Is anyone else able to reproduce this?
Edit 2: Here is an example of what i am running into.
After running the initial backup job runs:[23:27 xcpng-test-01 45e457aa-16f8-41e0-d03d-8201e69638be]# cbt-util get -c -n 2be6b6ec-9308-4e63-9975-19259108eba2.cbtlog adde7aaf-6b13-498a-b0e3-f756a57b2e78
After taking a manual snapshot, the CBT log reference changes as expected:
[23:27 xcpng-test-01 45e457aa-16f8-41e0-d03d-8201e69638be]# cbt-util get -c -n 2be6b6ec-9308-4e63-9975-19259108eba2.cbtlog b6e33794-120a-4a95-b035-af64c6605ee2
After removing the manual snapshot:
[23:29 xcpng-test-01 45e457aa-16f8-41e0-d03d-8201e69638be]# cbt-util get -c -n 2be6b6ec-9308-4e63-9975-19259108eba2.cbtlog 00000000-0000-0000-0000-000000000000
-
-
Another test on a different pool seems to yield the same result:
Create VM, and add to a backup job using CBT with Snapshot deletion. Run backup job to generate the .cbtlog file.
After first backup run:
[08:22 xcpng-test-01 45e457aa-16f8-41e0-d03d-8201e69638be]# cbt-util get -c -n dfa26980-edc4-4127-a032-cfd99226a5b8.cbtlog adde7aaf-6b13-498a-b0e3-f756a57b2e78
Next take a snapshot of the VM using Xen orchestra from the Snapshot tab, check the CBT log file again, it now references the newly created snapshot:
[08:27 xcpng-test-01 45e457aa-16f8-41e0-d03d-8201e69638be]# cbt-util get -c -n dfa26980-edc4-4127-a032-cfd99226a5b8.cbtlog 994174ef-c579-44e6-bc61-240fb996867e
Remove the manually created snapshot, and check the CBT log file and find that it has been corrupted:
[08:27 xcpng-test-01 45e457aa-16f8-41e0-d03d-8201e69638be]# cbt-util get -c -n dfa26980-edc4-4127-a032-cfd99226a5b8.cbtlog 00000000-0000-0000-0000-000000000000
So far i can make this happen on two different pools. Would be helpful if anyone else could confirm this.
-
3rd update. This appears to happen on or test pool using NFS (TrueNAS NFS), our DR pool (Pure Storage NFS) and on our production pool (Pure storage NFS)

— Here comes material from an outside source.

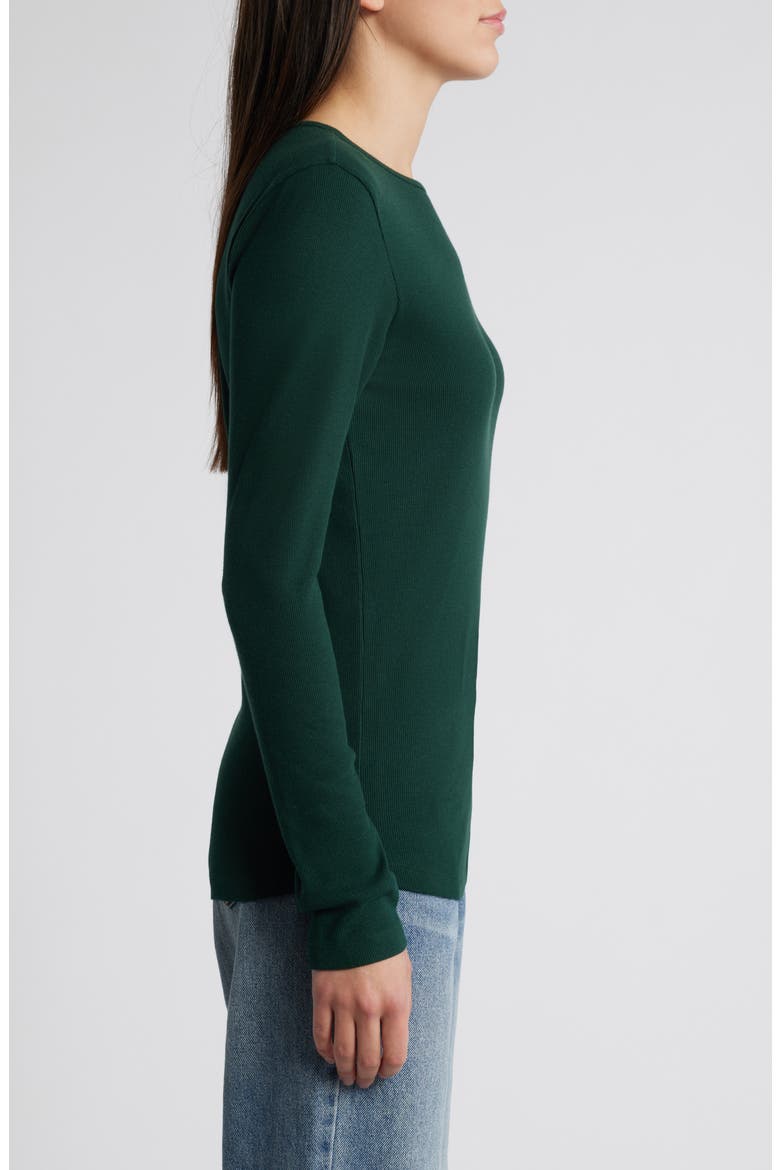 Rib Crewneck Long Sleeve Top, Alternate, color, GREEN PARK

Testing more today this seems to occur on a shared NFS SRs where multiple hosts are connected, using local EXT storage i do not see this behaviour.

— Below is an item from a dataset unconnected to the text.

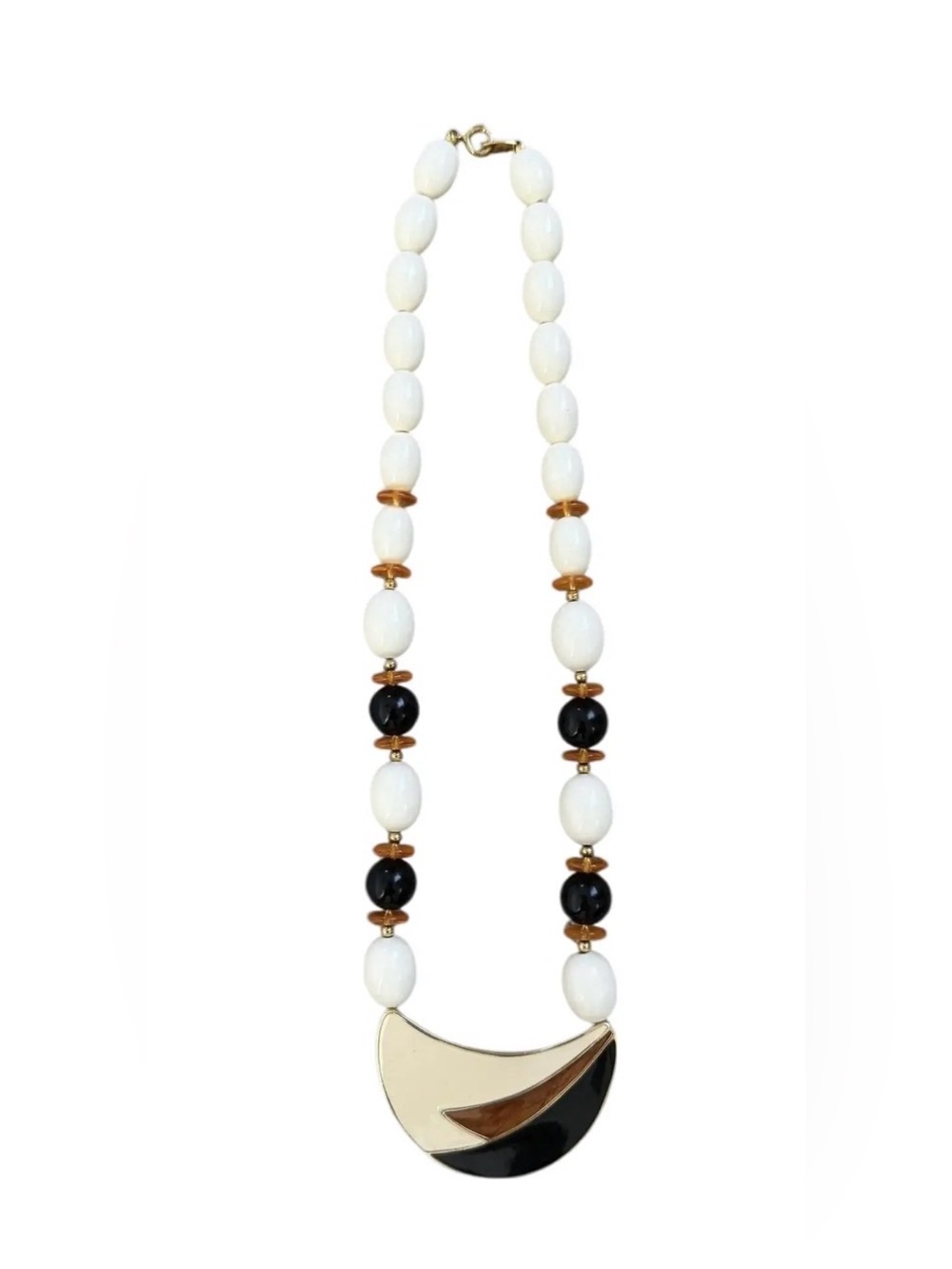 MCM Trifari Black, White and Gold Beaded Necklace with Gold Crescent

If theres any debug could i could enable to help get to the bottom of this. Or if someone else can also confirm this happens to them we can rule out something in my environments.
-
Do you think it confirms what we said with @psafont ? (sorry I don't have time right now to review all your excellent feedback in details, so I'm going straight to the point). If yes, then it's up to us to get a PR in XAPI to fix it
-
@olivierlambert This seems to be something different as i don't need to migrate a VM for this to happen. Simply have a VM with CBT enabled, and a .cbtlog file present for it, then create a regular snapshot of the VM. Upon deleting that manually created snapshot CBT data will become reset.

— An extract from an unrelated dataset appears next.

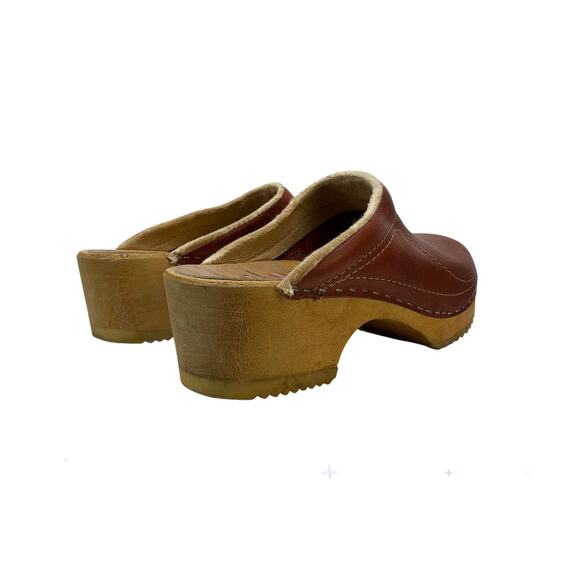 Olaf Daughters Vintage 70s Rusty Brown Leather Swedish Wooden Clogs Size 37 - Picture 6 of 9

It happens to me on shared NFS SRs. I have not been able to make it happen on a local EXT SR. But i have this happening across 3 different pools using NFS SRs now. There is a ton of info in my posts in an attempt to be as detailed as possible! Happy to help anyway i can!
-
Hmm indeed, so it could be that CBT reset code catching far too many cases where it shouldn't (so it might be still related to the initial problem)
-
@olivierlambert that could for sure be the case. We are using NBD now without Purge snapshot data enabled for now and its been very reliable but hoping to keep chipping away at these issues so we can one day enable this on our production VMs. if there is any testing you need me to do just let me know as we have a decent test environment setup where we prototype these things before deploying for real.